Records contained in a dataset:
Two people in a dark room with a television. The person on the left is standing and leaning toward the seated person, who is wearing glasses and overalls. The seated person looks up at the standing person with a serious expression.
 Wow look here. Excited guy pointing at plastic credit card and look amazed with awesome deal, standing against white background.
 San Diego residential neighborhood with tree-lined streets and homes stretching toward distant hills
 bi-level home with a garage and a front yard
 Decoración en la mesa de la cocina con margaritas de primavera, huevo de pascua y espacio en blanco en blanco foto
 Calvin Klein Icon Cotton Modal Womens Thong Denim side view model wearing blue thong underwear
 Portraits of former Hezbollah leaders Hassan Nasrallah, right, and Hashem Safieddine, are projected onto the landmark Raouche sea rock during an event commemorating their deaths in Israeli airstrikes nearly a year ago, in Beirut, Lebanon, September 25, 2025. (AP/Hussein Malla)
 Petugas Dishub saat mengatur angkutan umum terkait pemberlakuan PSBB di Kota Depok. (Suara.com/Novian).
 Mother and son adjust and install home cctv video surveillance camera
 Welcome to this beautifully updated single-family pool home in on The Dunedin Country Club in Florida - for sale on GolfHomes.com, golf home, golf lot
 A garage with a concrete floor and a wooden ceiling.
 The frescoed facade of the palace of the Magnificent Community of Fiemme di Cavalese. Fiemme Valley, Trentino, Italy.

▶ Instructions to follow:
Give every entry back exactly as it was written above.

▶ Response to the task:
Two people in a dark room with a television. The person on the left is standing and leaning toward the seated person, who is wearing glasses and overalls. The seated person looks up at the standing person with a serious expression.
 Wow look here. Excited guy pointing at plastic credit card and look amazed with awesome deal, standing against white background.
 San Diego residential neighborhood with tree-lined streets and homes stretching toward distant hills
 bi-level home with a garage and a front yard
 Decoración en la mesa de la cocina con margaritas de primavera, huevo de pascua y espacio en blanco en blanco foto
 Calvin Klein Icon Cotton Modal Womens Thong Denim side view model wearing blue thong underwear
 Portraits of former Hezbollah leaders Hassan Nasrallah, right, and Hashem Safieddine, are projected onto the landmark Raouche sea rock during an event commemorating their deaths in Israeli airstrikes nearly a year ago, in Beirut, Lebanon, September 25, 2025. (AP/Hussein Malla)
 Petugas Dishub saat mengatur angkutan umum terkait pemberlakuan PSBB di Kota Depok. (Suara.com/Novian).
 Mother and son adjust and install home cctv video surveillance camera
 Welcome to this beautifully updated single-family pool home in on The Dunedin Country Club in Florida - for sale on GolfHomes.com, golf home, golf lot
 A garage with a concrete floor and a wooden ceiling.
 The frescoed facade of the palace of the Magnificent Community of Fiemme di Cavalese. Fiemme Valley, Trentino, Italy.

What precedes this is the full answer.